* Data excerpts

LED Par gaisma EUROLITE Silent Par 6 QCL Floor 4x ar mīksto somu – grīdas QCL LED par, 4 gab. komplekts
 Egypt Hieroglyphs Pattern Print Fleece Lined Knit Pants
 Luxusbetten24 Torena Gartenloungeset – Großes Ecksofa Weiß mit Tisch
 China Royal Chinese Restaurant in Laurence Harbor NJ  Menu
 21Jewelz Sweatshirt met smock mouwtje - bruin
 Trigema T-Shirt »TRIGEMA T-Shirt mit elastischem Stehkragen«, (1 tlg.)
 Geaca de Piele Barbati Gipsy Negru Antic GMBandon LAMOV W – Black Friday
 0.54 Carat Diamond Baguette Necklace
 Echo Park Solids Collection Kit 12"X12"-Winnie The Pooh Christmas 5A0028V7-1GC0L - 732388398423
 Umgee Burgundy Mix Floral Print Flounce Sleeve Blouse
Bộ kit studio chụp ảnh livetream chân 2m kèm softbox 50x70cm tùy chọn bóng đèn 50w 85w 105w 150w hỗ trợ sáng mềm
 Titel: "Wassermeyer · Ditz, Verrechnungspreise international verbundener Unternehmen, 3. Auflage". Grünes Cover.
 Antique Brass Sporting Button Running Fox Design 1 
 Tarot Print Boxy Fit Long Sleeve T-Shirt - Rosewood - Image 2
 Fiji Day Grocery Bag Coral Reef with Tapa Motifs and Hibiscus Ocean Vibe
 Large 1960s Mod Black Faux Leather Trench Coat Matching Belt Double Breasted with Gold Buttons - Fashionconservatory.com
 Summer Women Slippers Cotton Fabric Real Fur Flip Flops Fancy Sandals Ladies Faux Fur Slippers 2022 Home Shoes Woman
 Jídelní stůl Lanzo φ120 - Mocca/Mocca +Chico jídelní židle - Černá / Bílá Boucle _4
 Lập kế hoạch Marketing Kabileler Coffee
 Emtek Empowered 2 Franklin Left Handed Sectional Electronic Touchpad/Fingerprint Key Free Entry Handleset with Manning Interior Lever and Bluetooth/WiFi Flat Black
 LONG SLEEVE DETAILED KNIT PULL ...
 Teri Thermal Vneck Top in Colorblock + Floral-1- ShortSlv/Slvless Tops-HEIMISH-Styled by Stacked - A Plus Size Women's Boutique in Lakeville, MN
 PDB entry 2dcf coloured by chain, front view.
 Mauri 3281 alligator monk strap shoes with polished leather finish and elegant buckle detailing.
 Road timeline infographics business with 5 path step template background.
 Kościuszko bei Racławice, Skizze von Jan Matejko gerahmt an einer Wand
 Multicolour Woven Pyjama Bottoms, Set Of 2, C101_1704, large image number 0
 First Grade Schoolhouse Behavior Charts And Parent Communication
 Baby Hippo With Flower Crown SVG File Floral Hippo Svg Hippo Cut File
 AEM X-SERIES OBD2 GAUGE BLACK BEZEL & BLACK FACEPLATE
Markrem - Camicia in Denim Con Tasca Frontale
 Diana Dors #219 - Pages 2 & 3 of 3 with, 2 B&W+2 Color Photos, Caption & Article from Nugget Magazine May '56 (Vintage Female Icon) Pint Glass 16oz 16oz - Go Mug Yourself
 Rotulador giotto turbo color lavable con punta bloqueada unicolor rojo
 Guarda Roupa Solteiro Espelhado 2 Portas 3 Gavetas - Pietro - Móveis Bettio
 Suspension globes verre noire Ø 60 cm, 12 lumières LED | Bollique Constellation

* Task brief
Identify the lines in the entries that hold "Floral" and return each one.

* Worked solution
 Umgee Burgundy Mix Floral Print Flounce Sleeve Blouse
 Teri Thermal Vneck Top in Colorblock + Floral-1- ShortSlv/Slvless Tops-HEIMISH-Styled by Stacked - A Plus Size Women's Boutique in Lakeville, MN
 Baby Hippo With Flower Crown SVG File Floral Hippo Svg Hippo Cut File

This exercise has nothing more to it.